#### TASK INPUT:
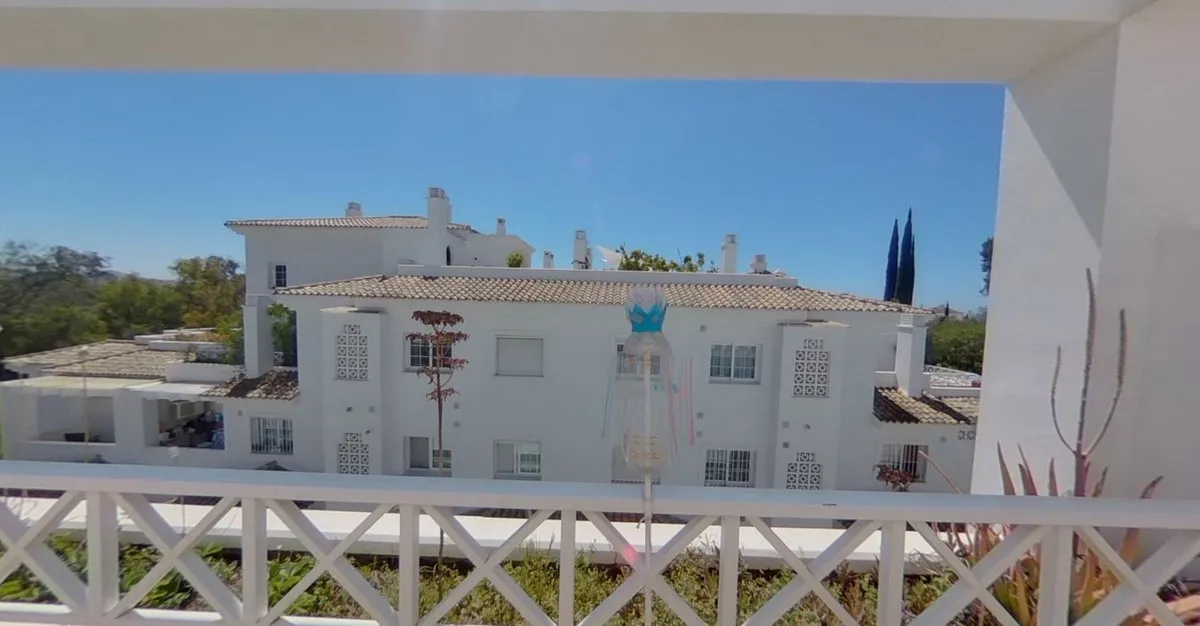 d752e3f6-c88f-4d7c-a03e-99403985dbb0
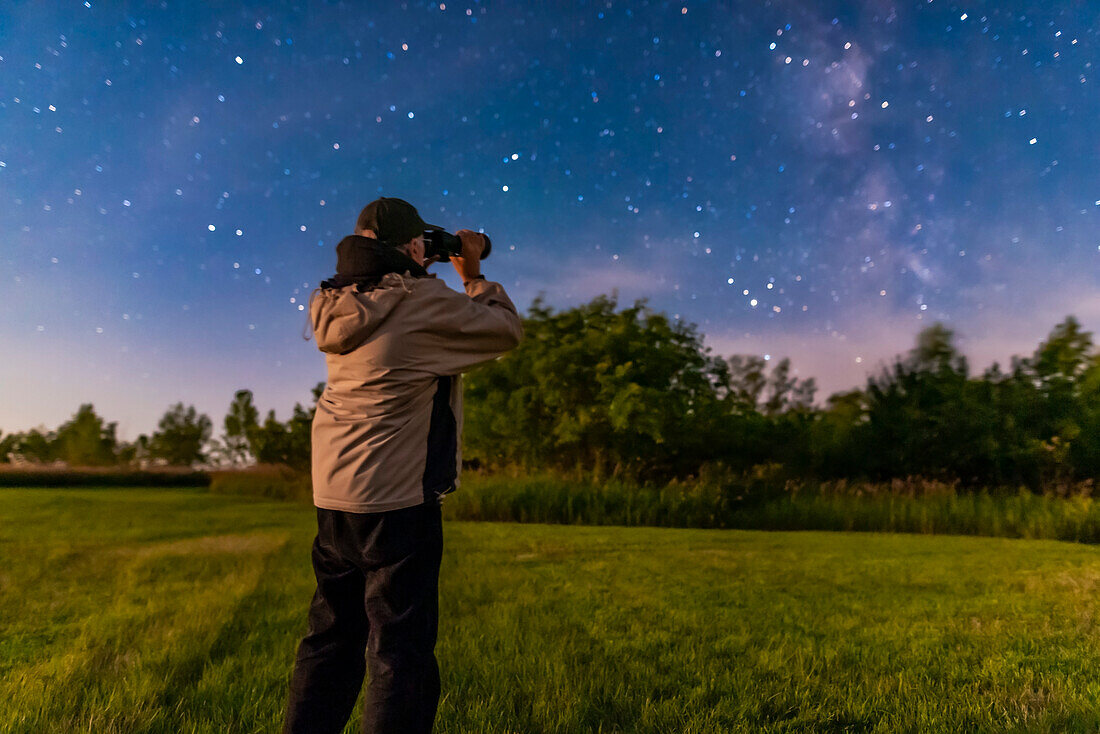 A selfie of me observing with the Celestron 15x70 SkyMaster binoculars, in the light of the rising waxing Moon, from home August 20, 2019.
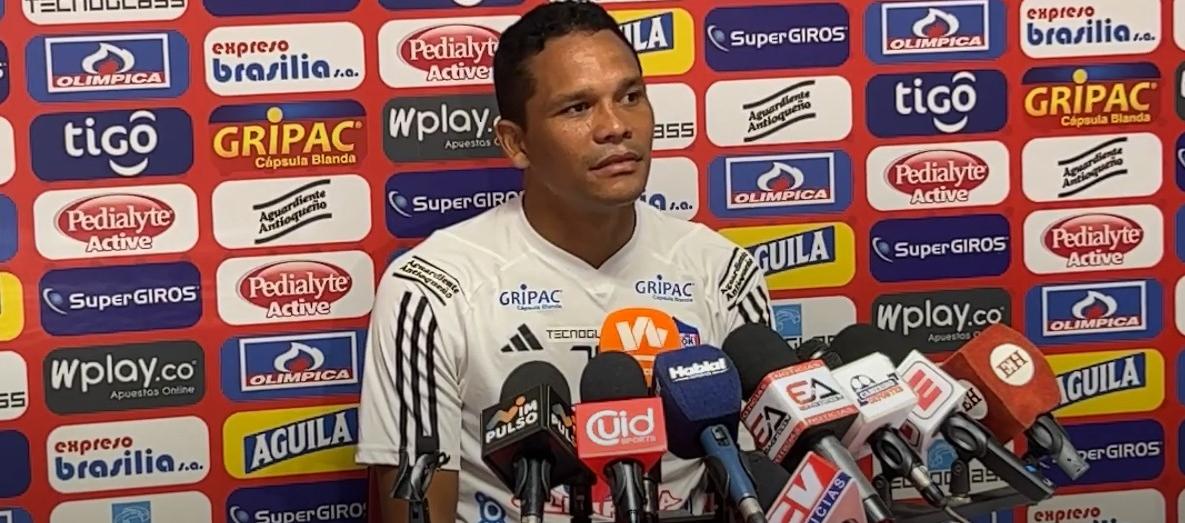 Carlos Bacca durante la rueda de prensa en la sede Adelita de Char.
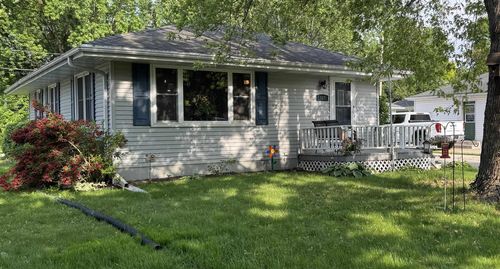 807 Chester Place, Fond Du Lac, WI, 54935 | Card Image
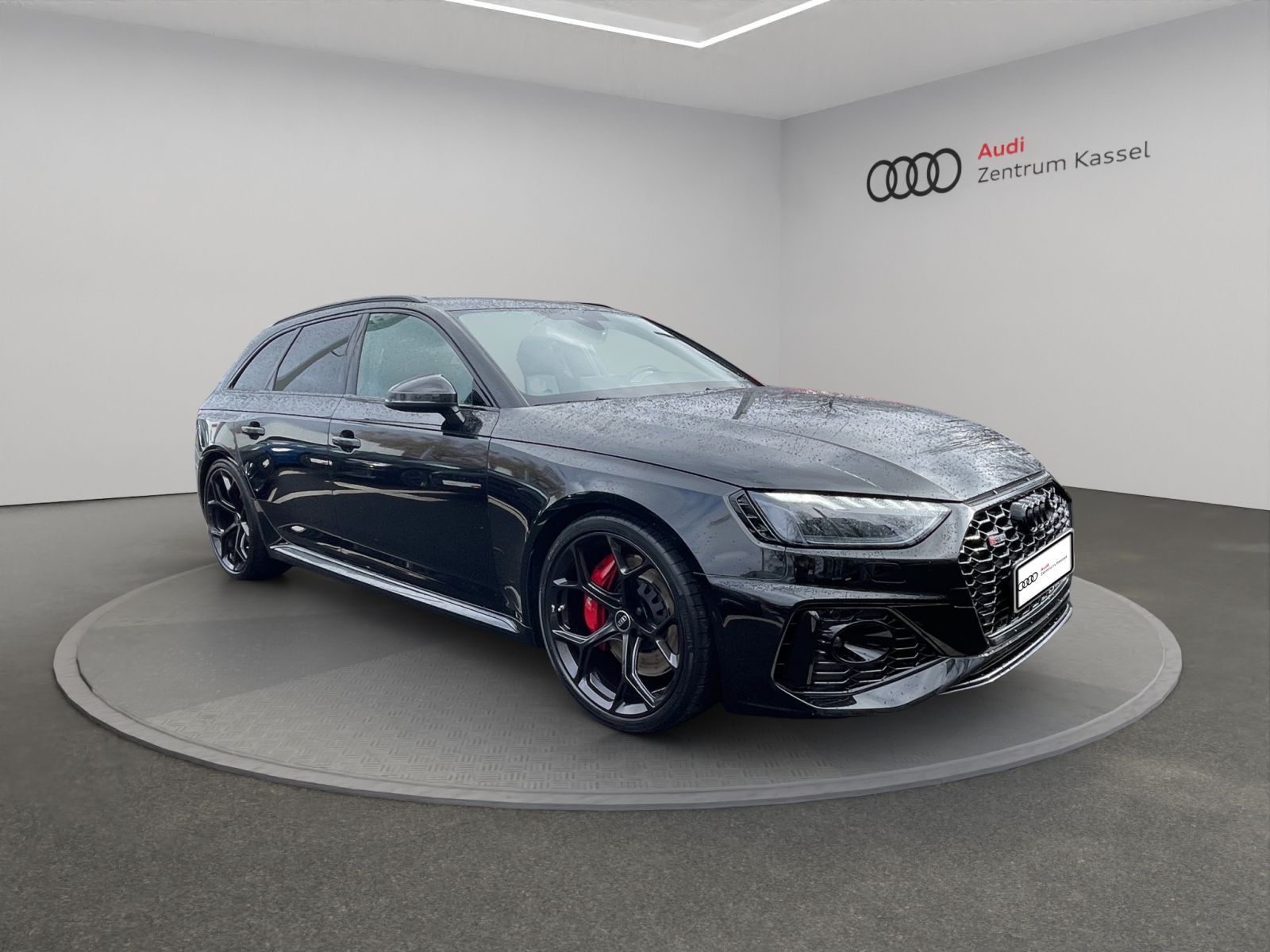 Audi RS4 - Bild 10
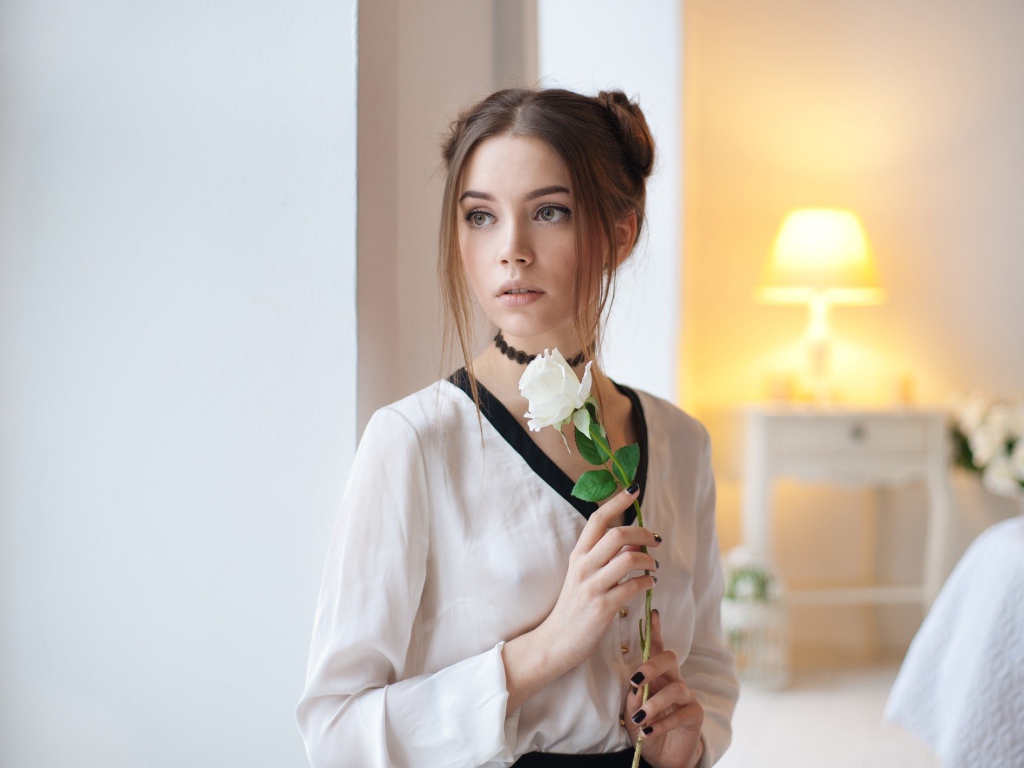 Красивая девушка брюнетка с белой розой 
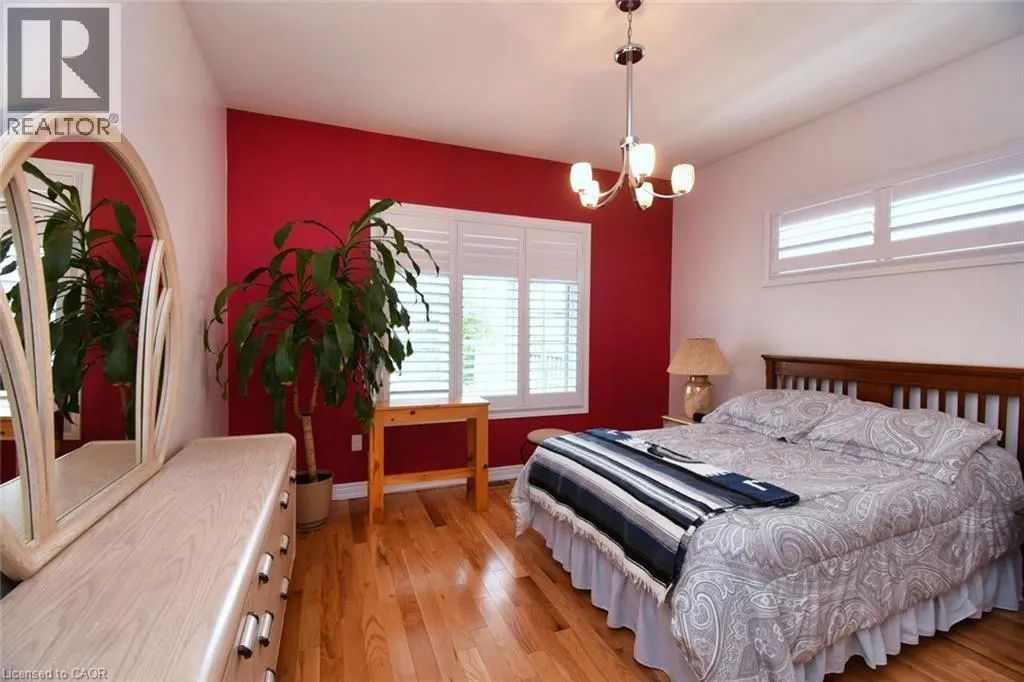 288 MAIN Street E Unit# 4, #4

#### YOUR TASK:
Give the listing again word for word. Skip every image.

#### OUTPUT OF THE EXERCISE:
 d752e3f6-c88f-4d7c-a03e-99403985dbb0
 A selfie of me observing with the Celestron 15x70 SkyMaster binoculars, in the light of the rising waxing Moon, from home August 20, 2019.
 Carlos Bacca durante la rueda de prensa en la sede Adelita de Char.
 807 Chester Place, Fond Du Lac, WI, 54935 | Card Image
 Audi RS4 - Bild 10
 Красивая девушка брюнетка с белой розой 
 288 MAIN Street E Unit# 4, #4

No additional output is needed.